- **Exercise requirements**
Every line with the string "track" must be copied from the entries below.

- **Provided entries**
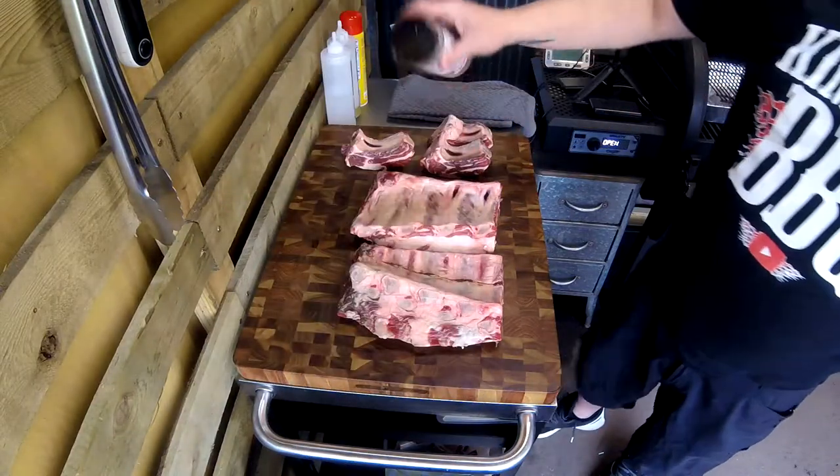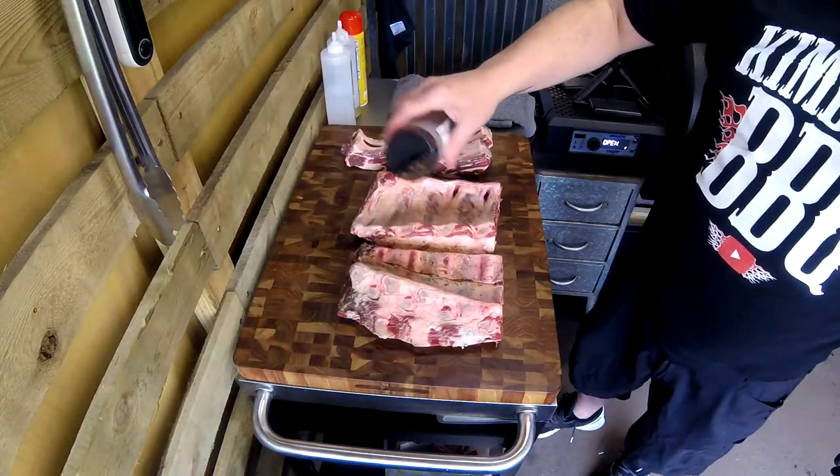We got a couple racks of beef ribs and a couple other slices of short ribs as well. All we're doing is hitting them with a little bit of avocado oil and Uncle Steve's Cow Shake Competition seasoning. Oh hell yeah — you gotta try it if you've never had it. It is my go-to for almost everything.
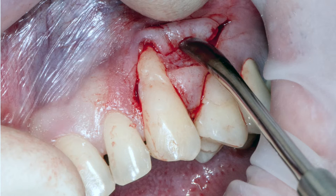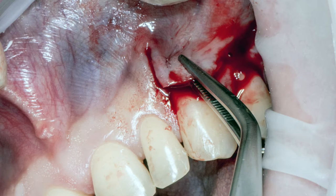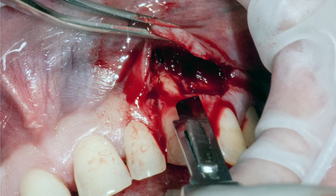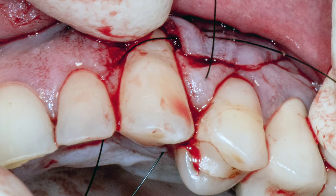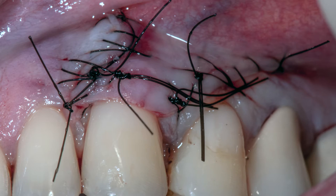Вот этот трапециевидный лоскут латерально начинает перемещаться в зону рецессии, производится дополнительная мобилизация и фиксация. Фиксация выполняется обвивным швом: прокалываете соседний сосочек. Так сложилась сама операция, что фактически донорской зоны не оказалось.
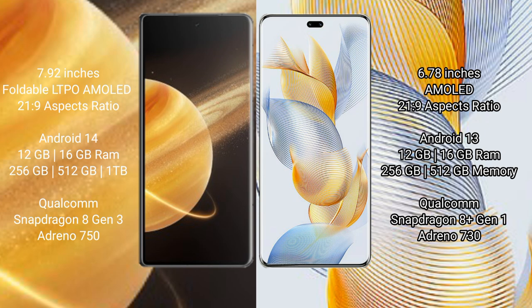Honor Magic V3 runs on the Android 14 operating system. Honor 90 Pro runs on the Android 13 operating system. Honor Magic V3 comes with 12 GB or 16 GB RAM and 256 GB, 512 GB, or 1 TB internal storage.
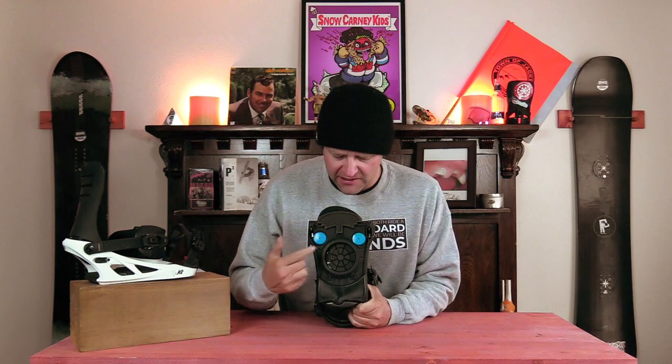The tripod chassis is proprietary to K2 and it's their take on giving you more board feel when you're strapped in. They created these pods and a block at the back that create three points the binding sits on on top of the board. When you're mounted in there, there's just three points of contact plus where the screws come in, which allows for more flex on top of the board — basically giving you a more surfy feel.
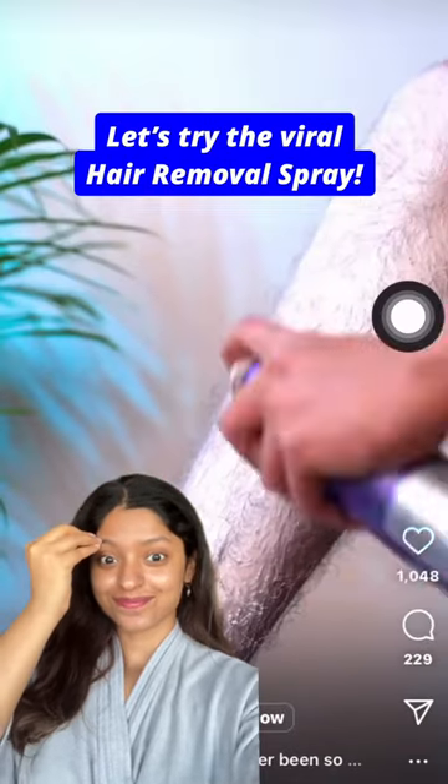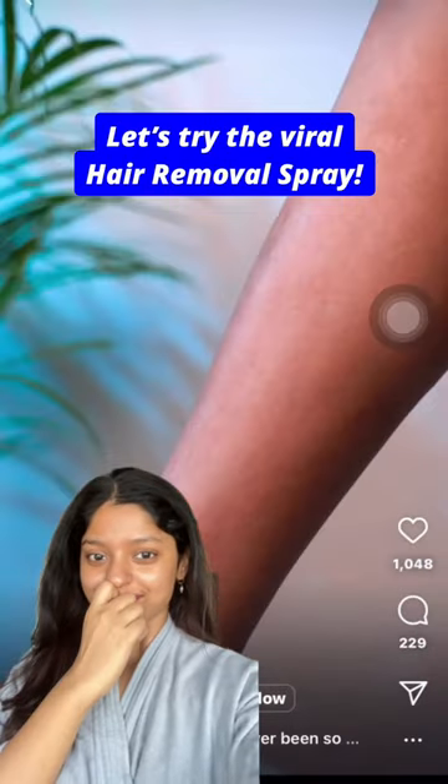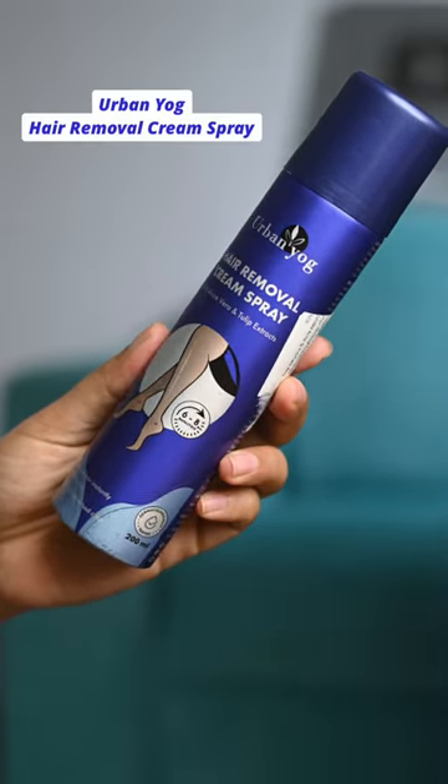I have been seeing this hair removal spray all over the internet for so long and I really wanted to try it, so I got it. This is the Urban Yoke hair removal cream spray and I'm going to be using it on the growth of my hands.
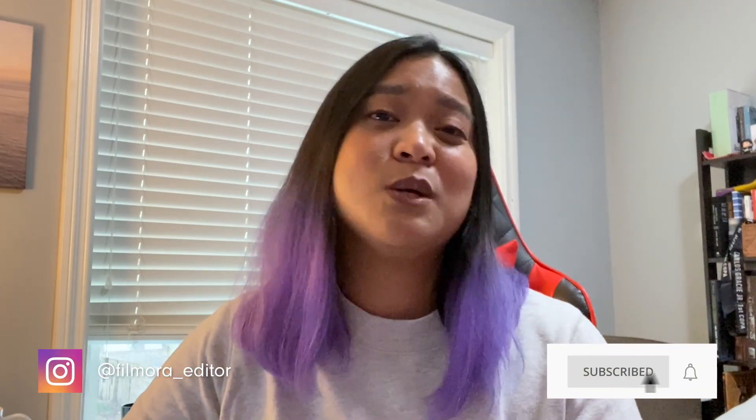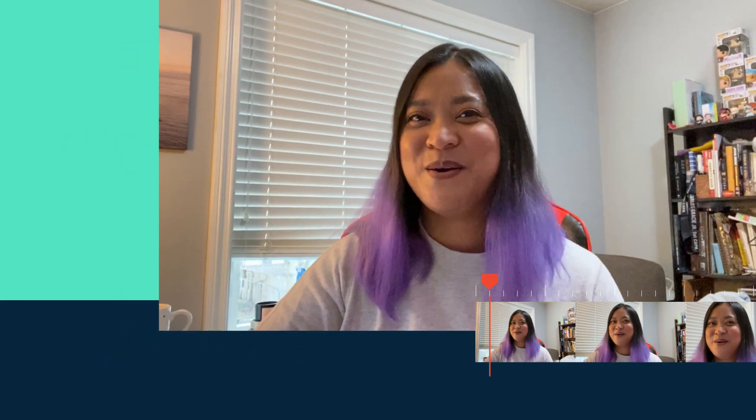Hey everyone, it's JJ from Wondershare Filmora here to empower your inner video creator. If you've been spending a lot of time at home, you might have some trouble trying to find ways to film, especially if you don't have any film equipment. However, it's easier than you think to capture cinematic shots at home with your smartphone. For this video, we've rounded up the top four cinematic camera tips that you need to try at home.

...

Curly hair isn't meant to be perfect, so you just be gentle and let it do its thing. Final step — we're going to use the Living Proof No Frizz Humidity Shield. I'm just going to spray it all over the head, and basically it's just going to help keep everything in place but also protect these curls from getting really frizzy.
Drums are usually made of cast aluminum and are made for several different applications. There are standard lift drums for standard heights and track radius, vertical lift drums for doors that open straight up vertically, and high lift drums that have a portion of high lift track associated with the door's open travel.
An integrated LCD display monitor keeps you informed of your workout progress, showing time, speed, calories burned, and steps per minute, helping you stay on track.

...

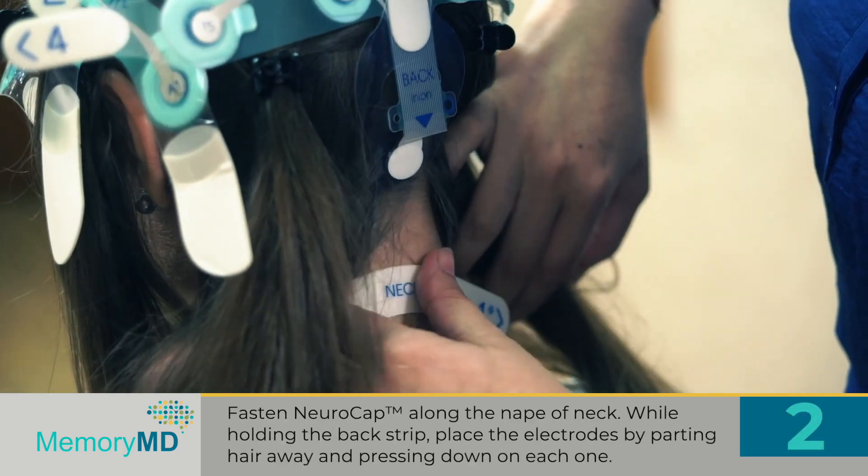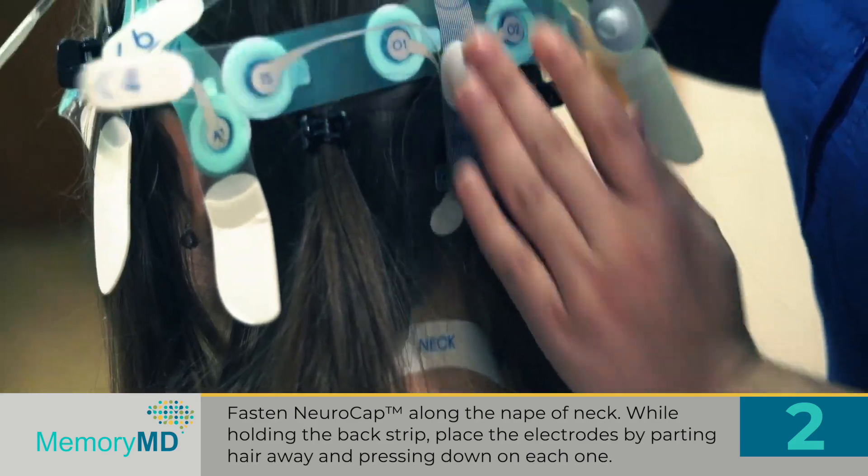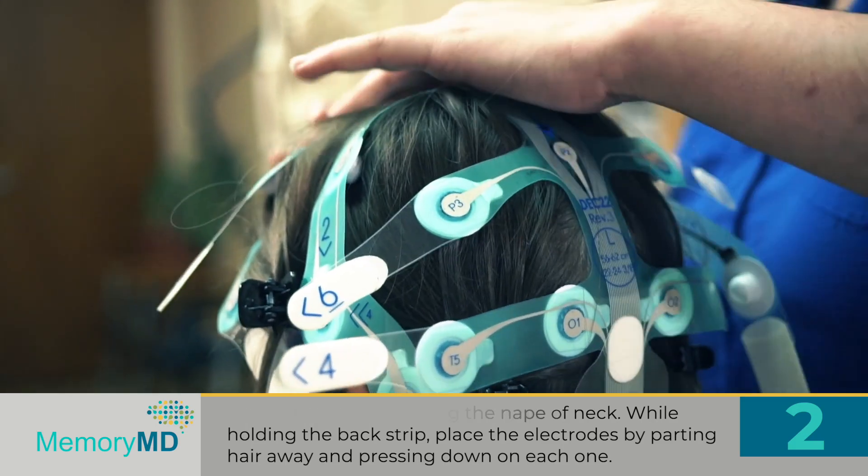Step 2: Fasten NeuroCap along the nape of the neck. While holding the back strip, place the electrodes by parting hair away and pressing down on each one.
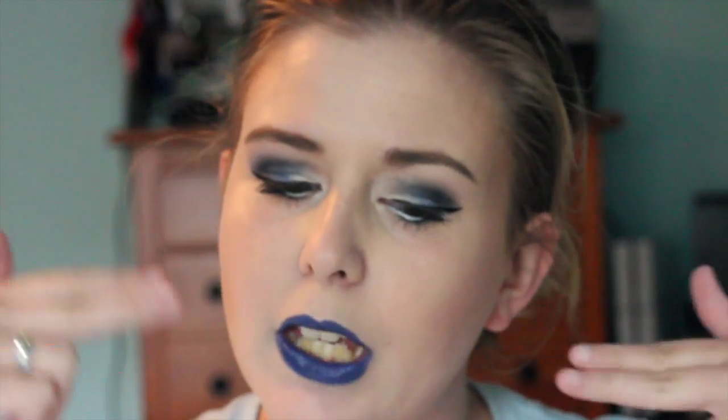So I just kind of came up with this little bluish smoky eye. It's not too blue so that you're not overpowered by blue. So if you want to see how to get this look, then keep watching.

- **Expected answer**
Drums are usually made of cast aluminum and are made for several different applications. There are standard lift drums for standard heights and track radius, vertical lift drums for doors that open straight up vertically, and high lift drums that have a portion of high lift track associated with the door's open travel.
An integrated LCD display monitor keeps you informed of your workout progress, showing time, speed, calories burned, and steps per minute, helping you stay on track.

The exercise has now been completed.